# Pebble Beach



## David J. Cooper (Apr 26, 2010)

We spent a few hours driving the 17 Mile Drive and eating at Stillwater in the Lodge on the weekend. Now we think we want to spend three days in the area and play a couple of the courses. Anyone have any advice in wehter there are deals to be had during the off season? If there is one.

We would love to play Pebble but would like to avoid the tourist show with the photographer on the 18th etc. Is this possible?


----------



## Andy (Aug 25, 2002)

David:

I've had several friends play Pebble and talk about it. It's expensive and you must have a caddy. But for me it doesn't sound like a good value. However having a drink in the bar .....!!!

We had a great time at the Ft. Ord courses (Bayonet and Black Horse) but can't right the minute remember the names and the oldest golf course in California is Del Monte and fun.

For shopping try Khaki's (Monterey) and the Robert Talbot store (Carmel).


----------



## David J. Cooper (Apr 26, 2010)

Thanks Andy. I was hoping you would post on this. The course I really want to play is the Links at Spanish Bay and the green fees are half the price of Pebble. 

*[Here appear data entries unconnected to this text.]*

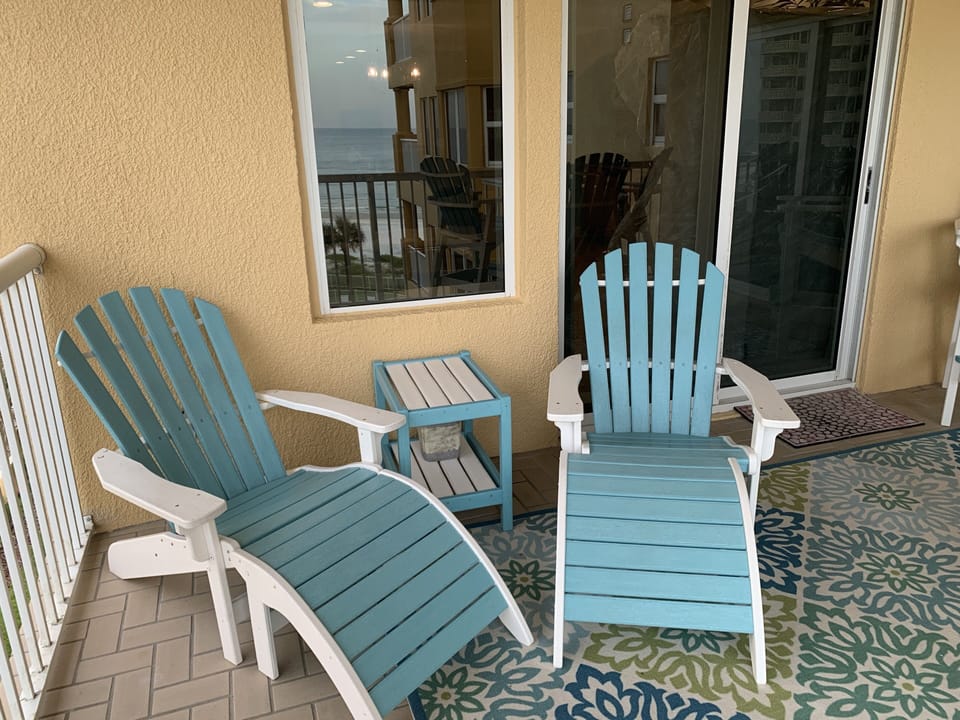 Ocean Front Balcony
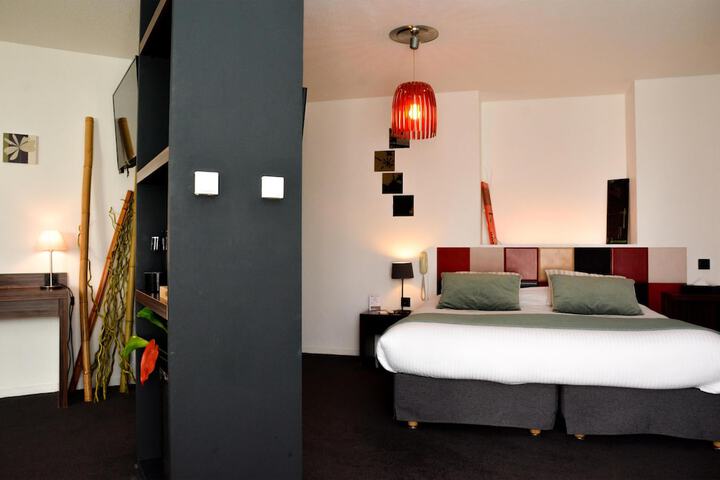 Room 37 of 111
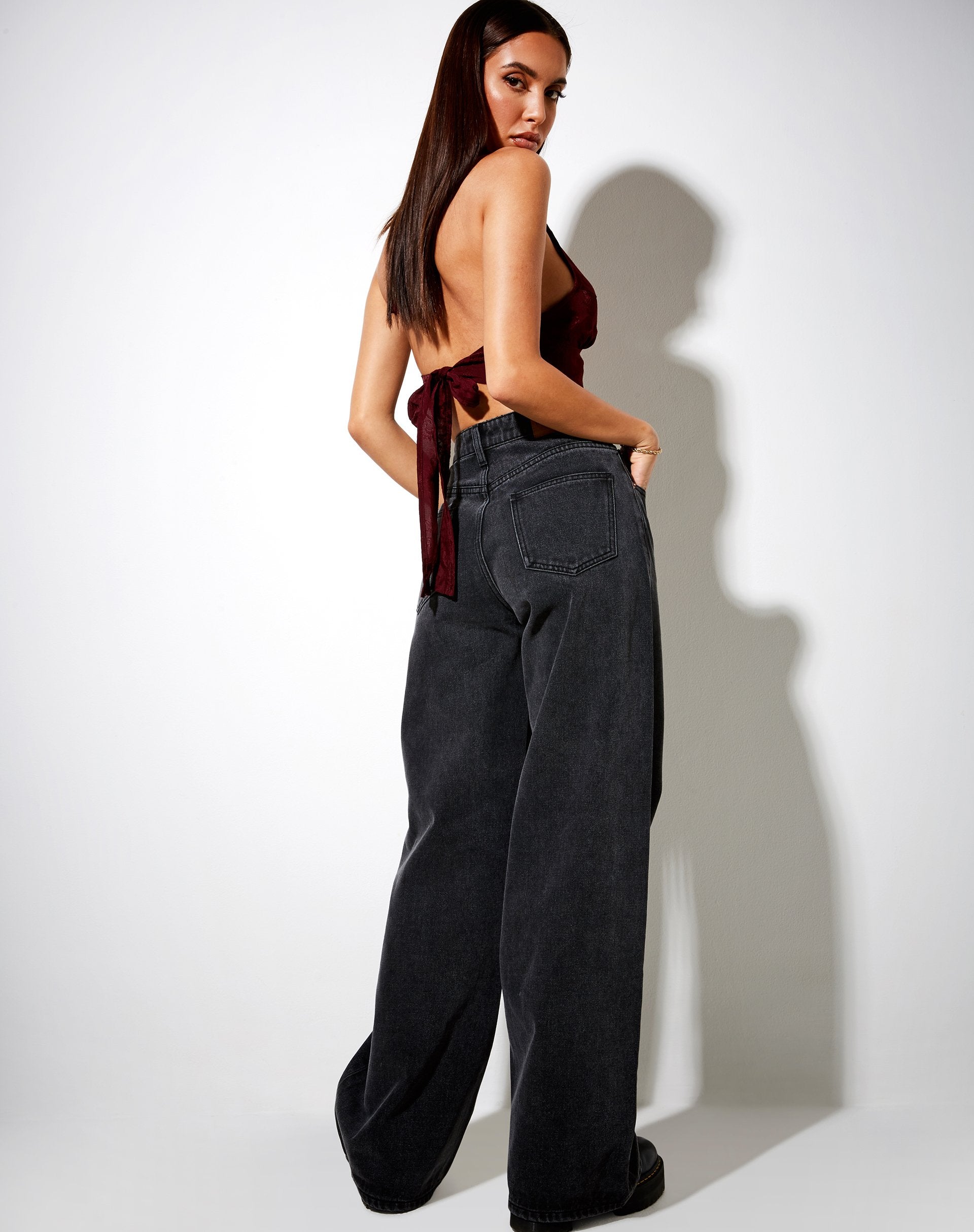 Image de Naya Crop Top in Satin Rose Burgundy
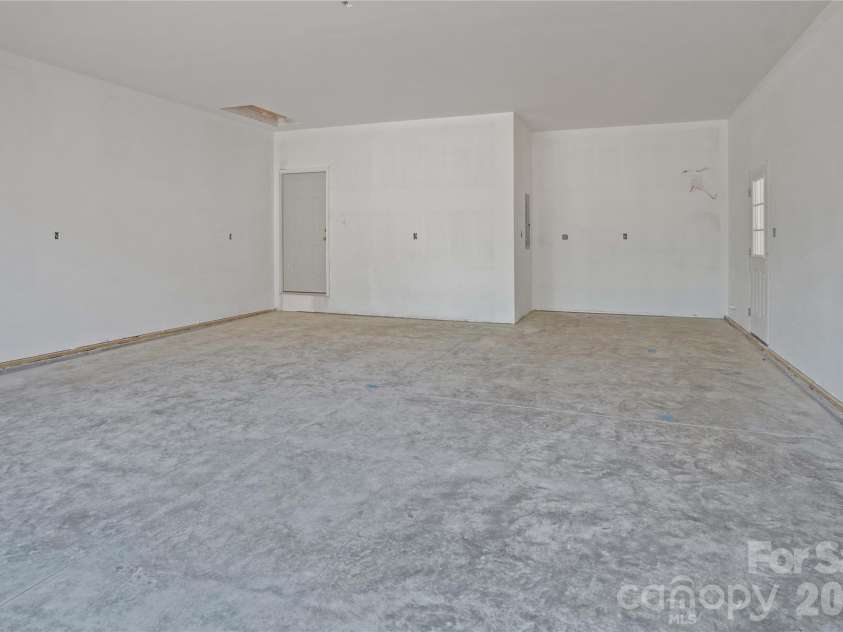 436 Dublin Lane, Columbus, NC 28722.  MLS# CAR4420014, YatesRealty ID 48127. 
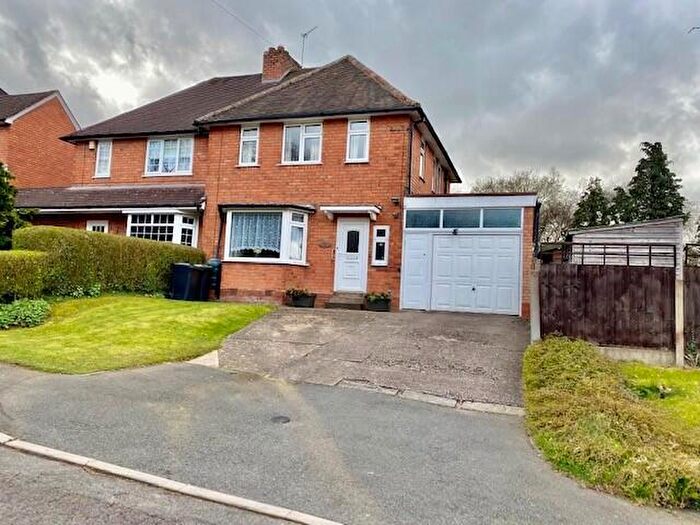 3 Bedroom Semi Detached House For Sale In Birch Road, Birmingham, B45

Bayonet was on my radar but we stayed close to our base for this trip, Pleasanton, we played Wente once and Callippe Preserve twice. Callippe is a great place and is 10% the cost of Pebble.

Still, it would be cool to play Pebble Beach.


----------



## forni (Aug 24, 2012)

I think you made a good decision with Wente and Calippe.


----------



## David J. Cooper (Apr 26, 2010)

forni. There are a lot of nice courses in the area that charge less then $100. I think the people who play Pebble do it for reasons other then the actual game.


----------